MSG OLMADAN UMAMİ OLMAZ MI?
MSG’nin umami arayışından ortaya çıktığını da hatırlatan Tapan, “Son yıllarda yapılan çalışmalarda bu tadın sadece MSG’ye has olmadığı, MSG’nin yanı sıra 50’nin üzerinde peptid yapıdaki bileşiğin de umami tadını verdiği tespit edilmiş. Gıdaların içinde MSG içerip içermediğini, gıdaların üzerindeki etiket bilgilerini okuyarak görebilirsiniz ancak restoranlarda kullanılan tuzun içeriğini göremediğinizden, tükettiğiniz patates veya etin üzerinde olup olmadığını görmek çok kolay olmayacaktır. Ancak tatlı, ekşi tat size ipucu verebilir” ifadelerini kullandı.
Hem bir diyetisyen hem de bir şef olan Hürriyet Lezizz yazarı Buket Çürük de benzer uyarıları yaptı.

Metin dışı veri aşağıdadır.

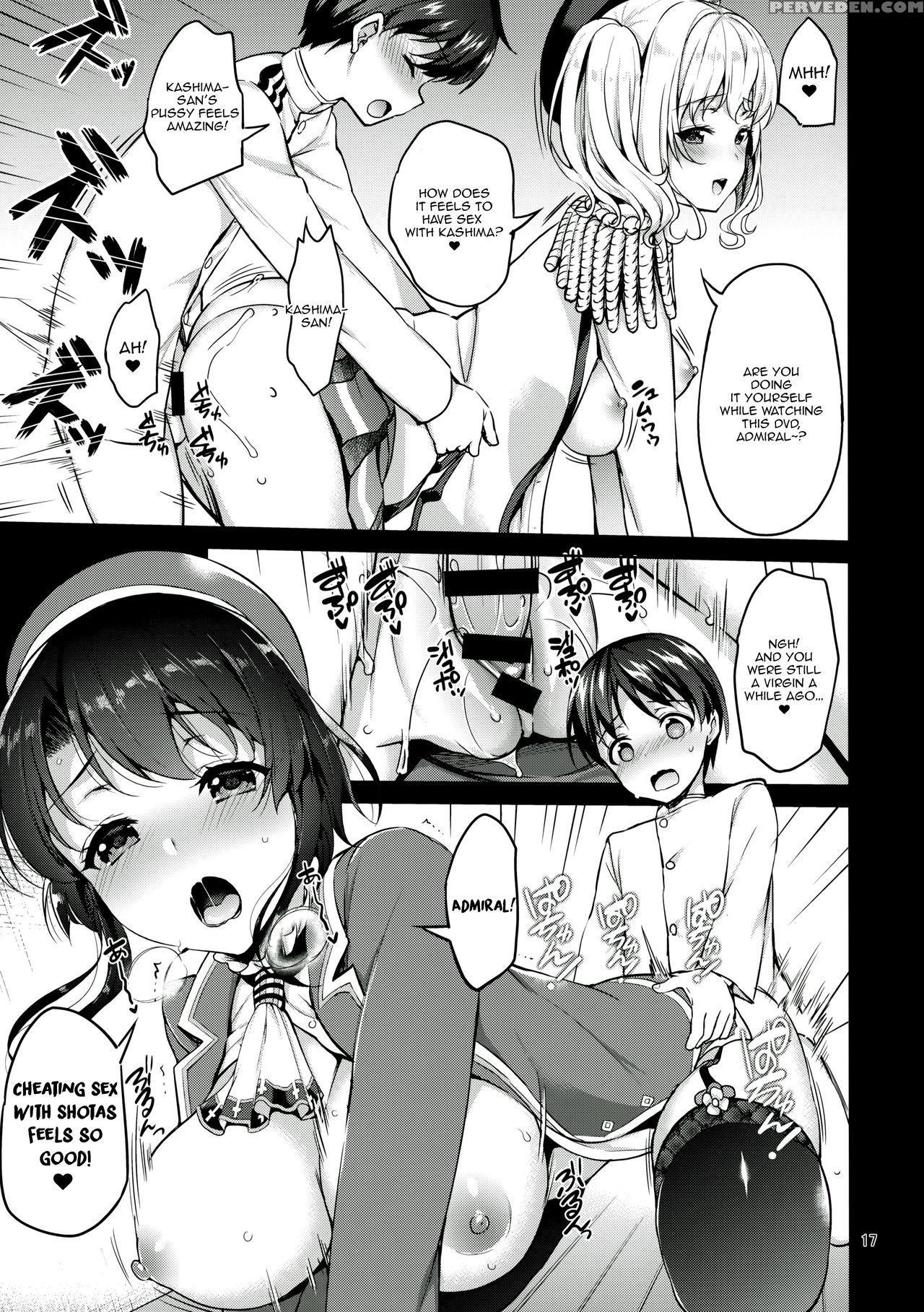 (c90) [akapenguin (asahina Hikage)] Takao & Kashima Freak (kantai Collection -kancolle-) [english] [cc0dykid] 1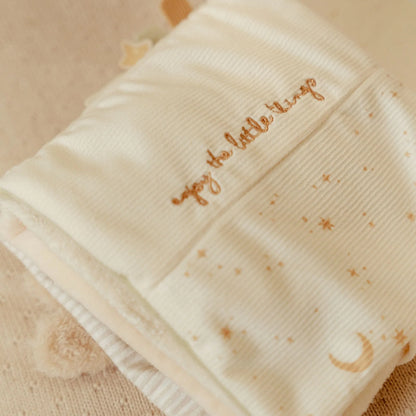 LITTLE DUTCH SOFT PLUSH ACTIVITY BOOK | NEWBORN NEUTRALS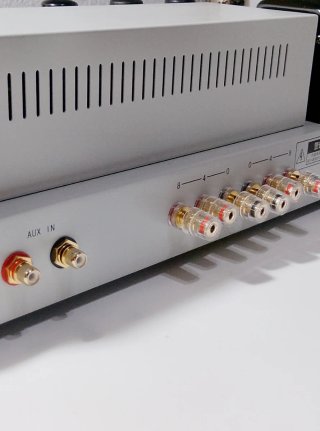 Oldchen Amplificador a Válvulas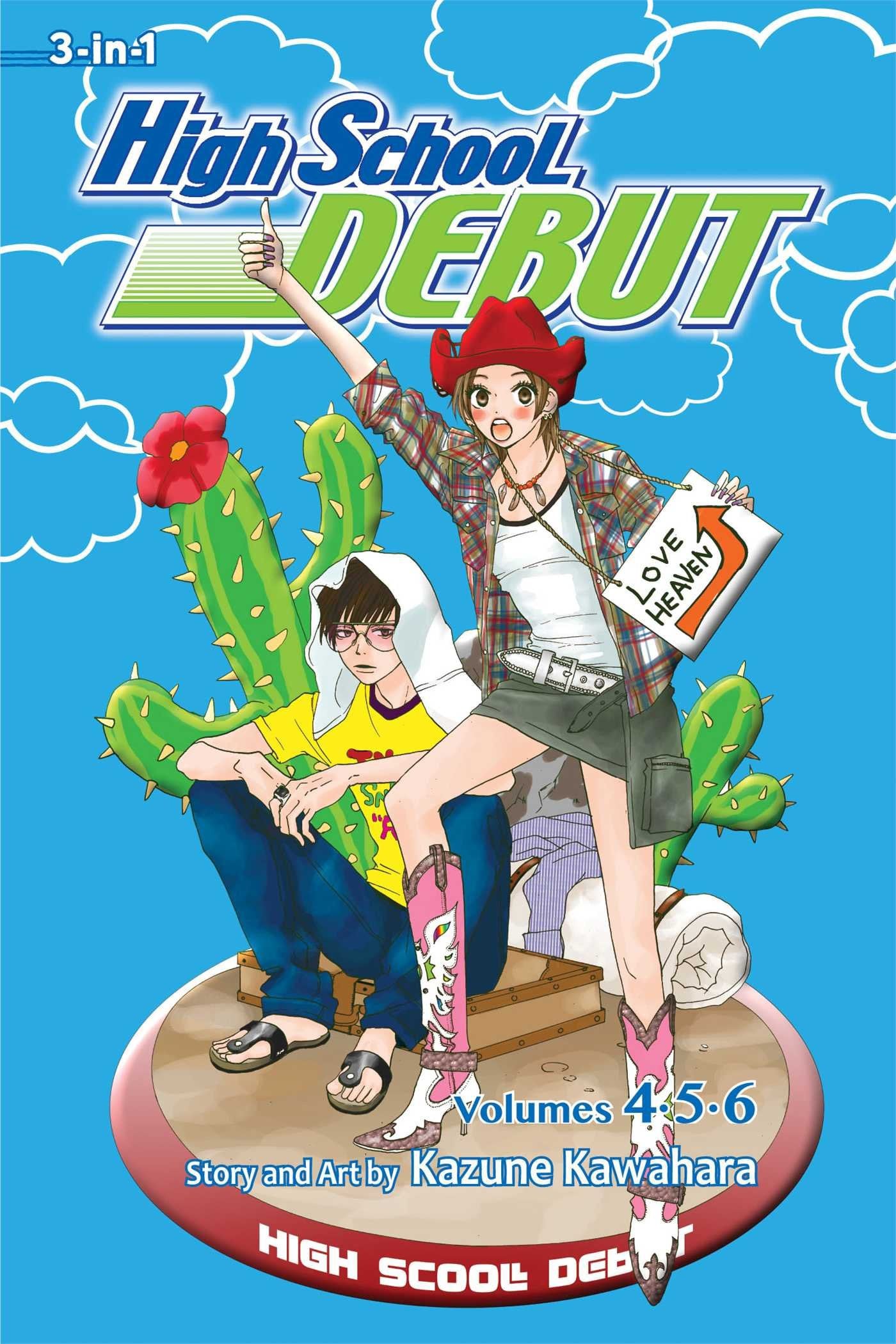 High School Debut (3-In-1 Edition) Vol. 2 cover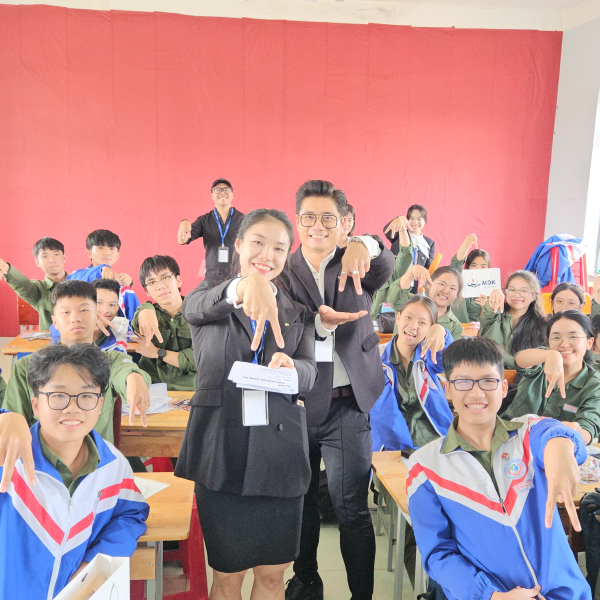 VISA MDK GLOBAL TIẾP TỤC ĐỒNG HÀNH CÙNG CÁC BẠN 2K7! 📍 THPT Chuyên Bảo Lộc – Lâm Đồng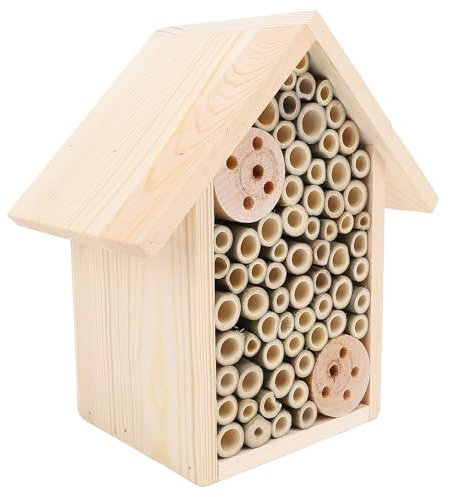 Bienenhaus aus Holz zum Aufhängen, Bienenkasten, Lebensraum, Garten, Hof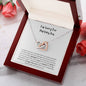 I'm Sorry for Hurting You Necklace – Meaningful Apology Gift for Love & Forgiveness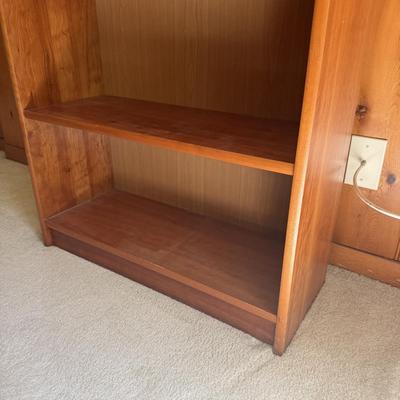 Wooden Bookshelf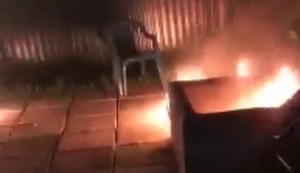 Feuer und Benzin
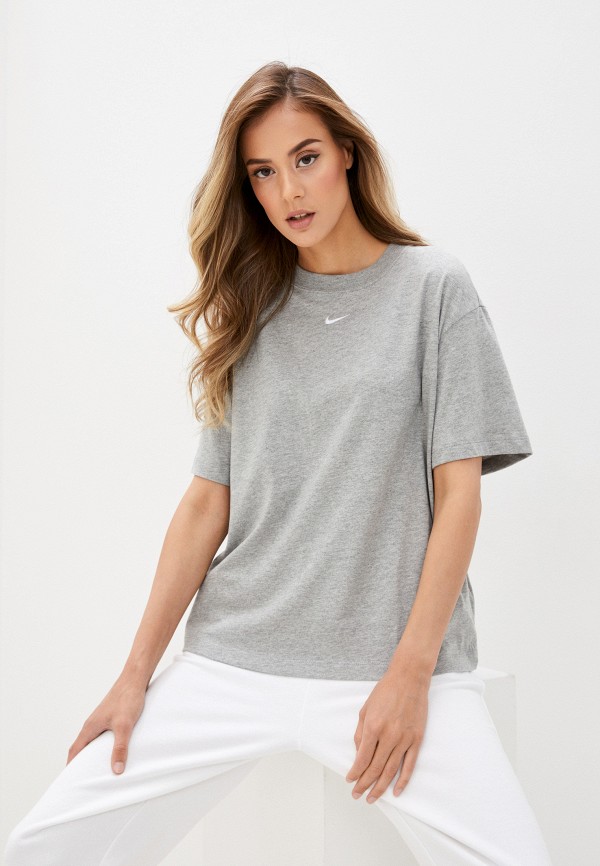

Футболка Nike, Серый, W NSW ESSNTL TOP SS BF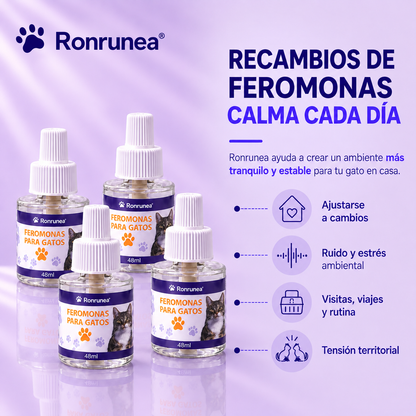 Pack Ahorro 4 Recambios 48 ml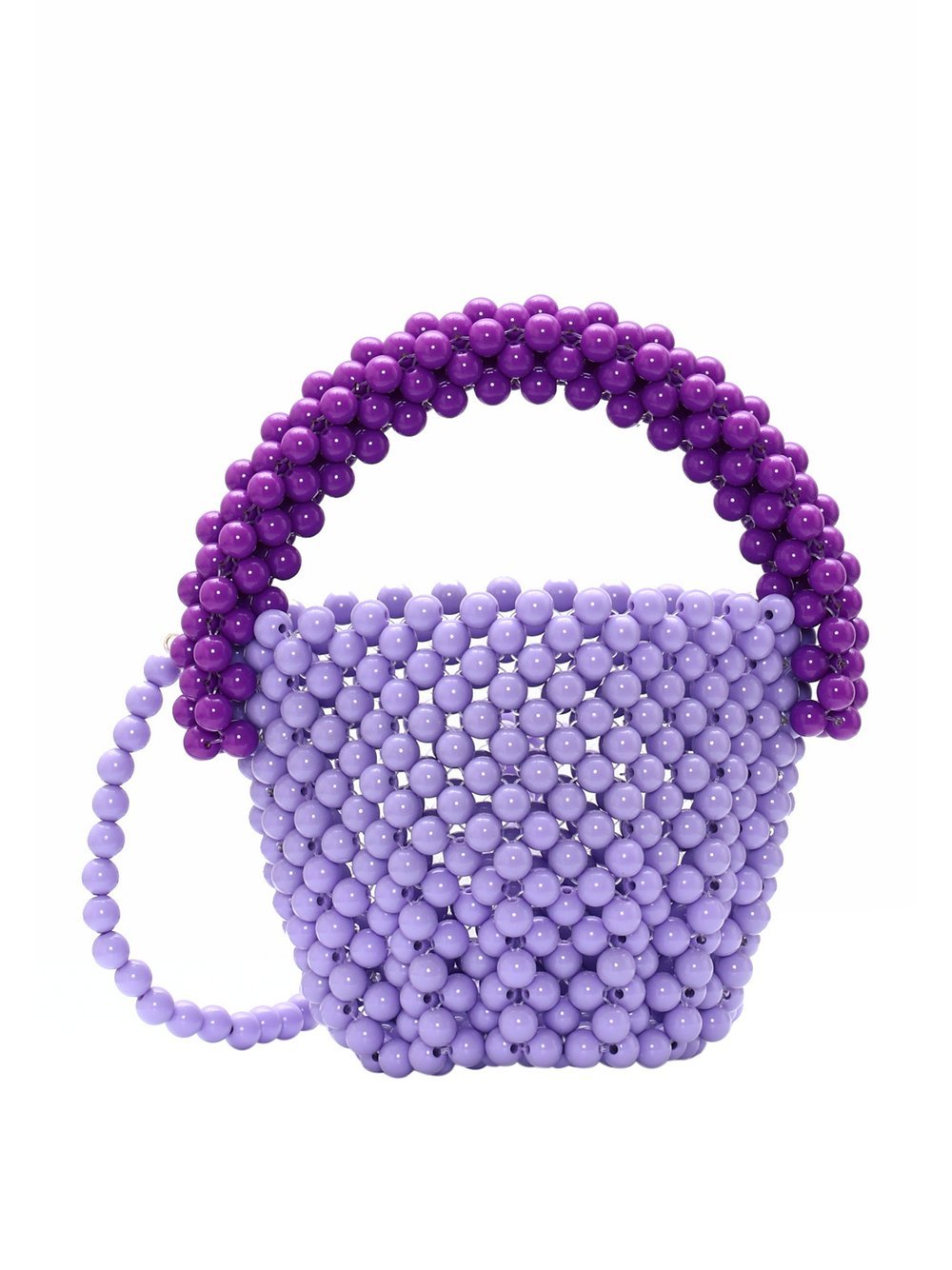 MyMo Handtasche Damen Textil kariert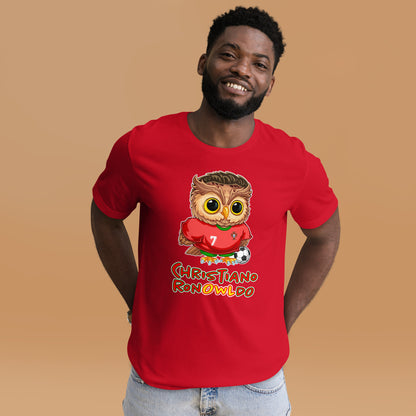 Camiseta unisex de Christiano Ronowldo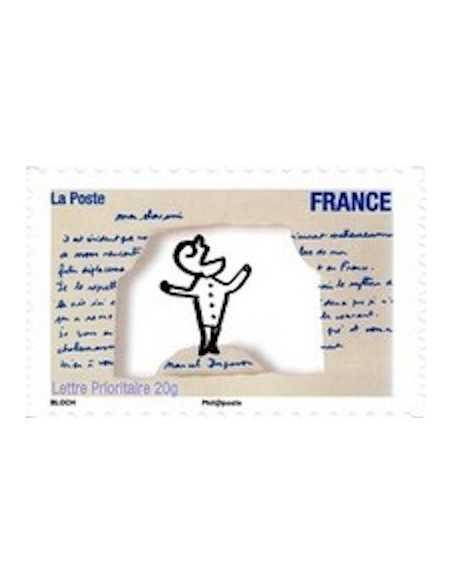 Timbre Poste Autoadhesif Obli N° 0484 philatelie foxtimbre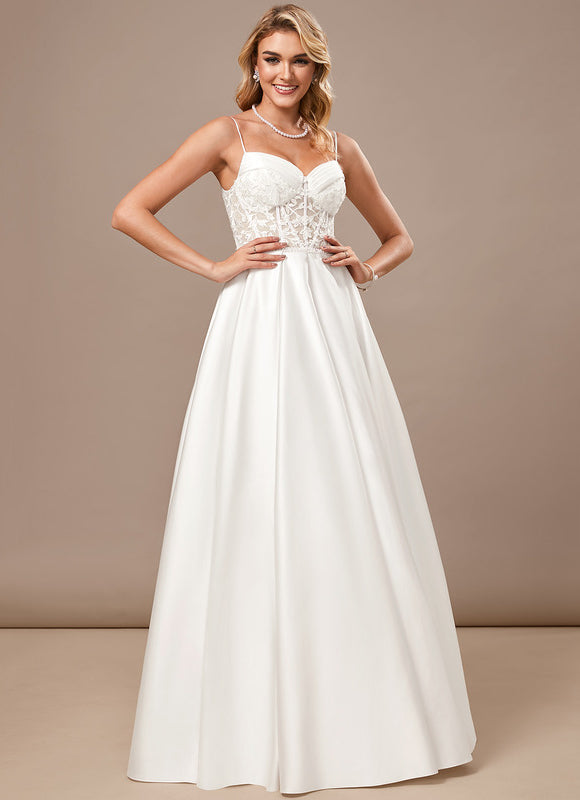 Robe Mariee Dentelle Et Satin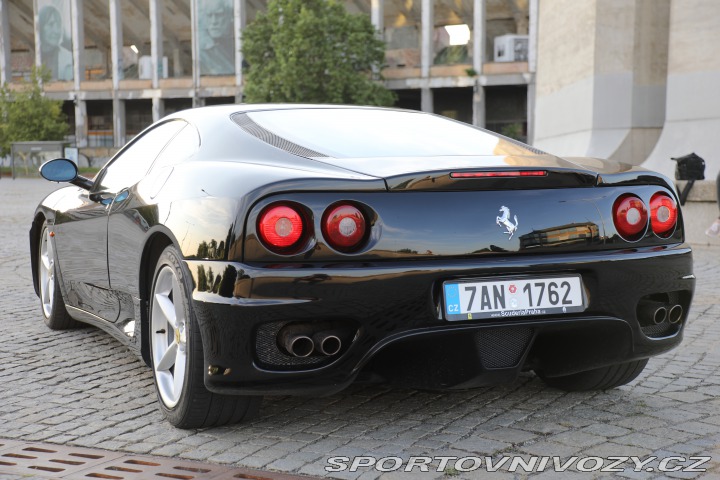 Ferrari 360 Modena - manual !!! 2002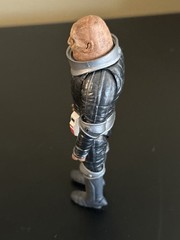 Doctor Who Commander Stor Figure The INVASION OF TIME Derek Deadman Figure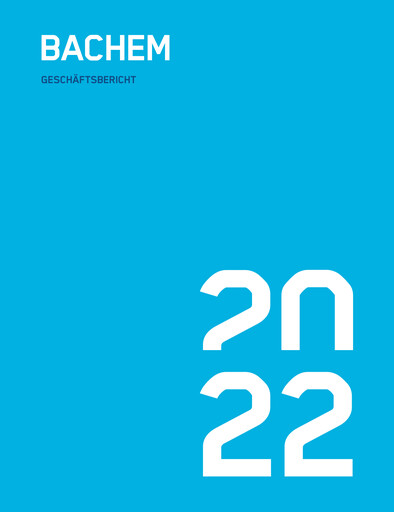 Thumbnail Bachem Annual Report 2022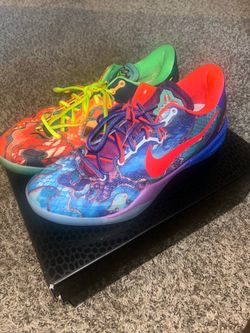 Kobe 8 shoes size 11.5 “What the”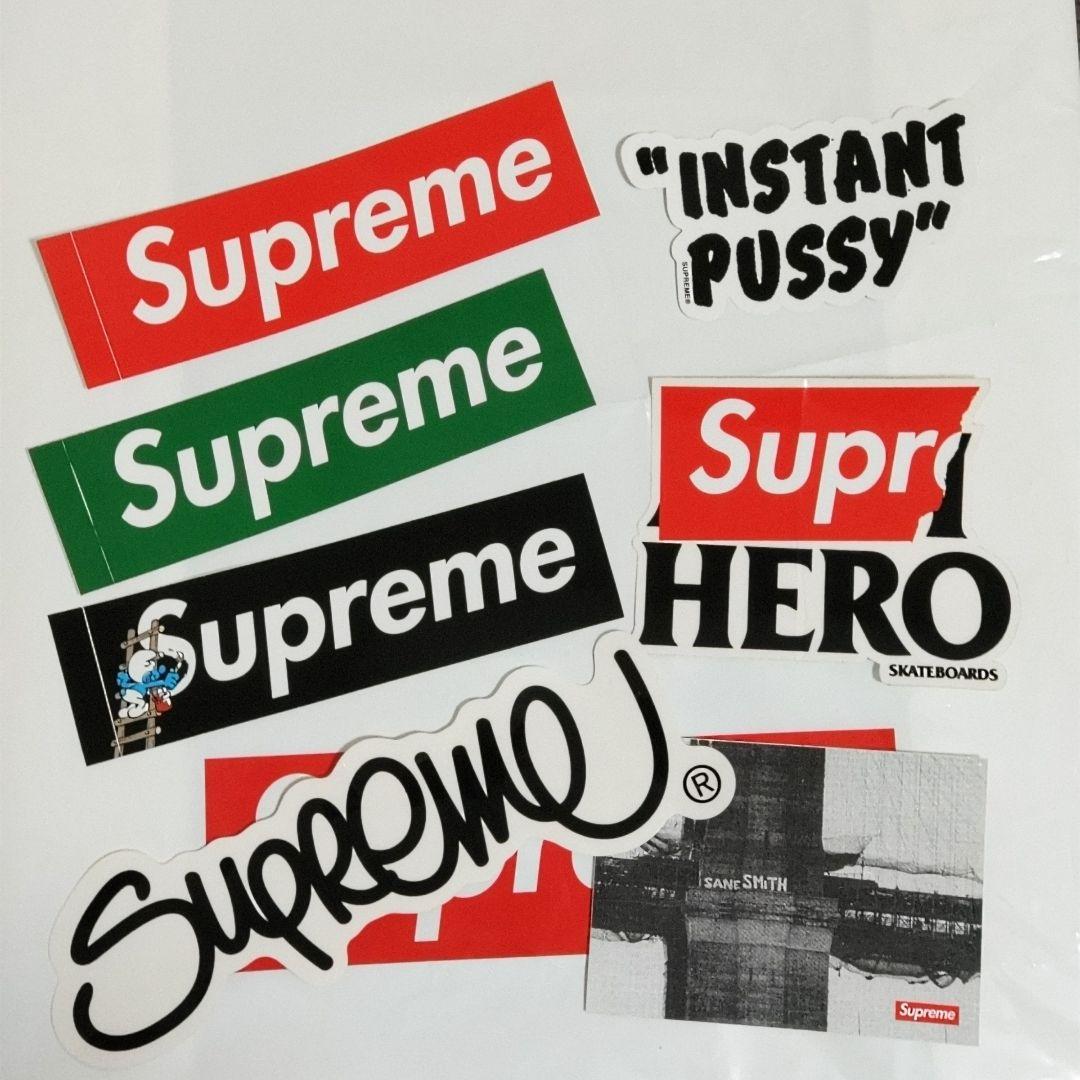Supreme ステッカー 7枚セット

Çürük, gıda katkı maddelerinin MÖ 3000 yıllarında tuzun kullanımıyla hayatımızda girdiğini, günümüzde ise artık raflarda olan bütün paketli gıdaların vazgeçilmezi olduğunu belirterek “Yapılan araştırmalarda, MSG’nin doyma hissini baskılayıp daha çok yemeye neden olduğu ve MSG içeren yiyecek tüketenlerin daha kısa sürede acıktığını bulunmuştur. Bu araştırmalara göre MSG insan bedeninde daha çok yedikçe yeme isteği uyandırıp bizlere bir nevi o yiyeceğe bağımlılık haline getiriyor ve bunun sonucunda obeziteyi oldukça tetikliyor. Yine yapılan araştırmalarda beyin hücrelerine hasar vererek migreni tetiklediği, göz retinasına zarar verdiği, astım ve alerjiyi tetiklediği ortaya konmuştur” dedi.
Çürük, yemeklerinde umami tadını yakalamak isteyenler için de minik tavsiyeler sıraladı: “MSG’nin bize verdiği lezzetli fakat tehlikeli tat olan umami’yi doğal yollarla yiyeceklerimizde bulmak mümkün. Patates, kiraz domates, kuşkonmaz da umami lezzetlere sahip. Ançüez, shiitake mantarı, deniz börülcesi, istiridye, karides, dana eti, ton balığı, deniz yosunu listedeki diğer yiyecekler.”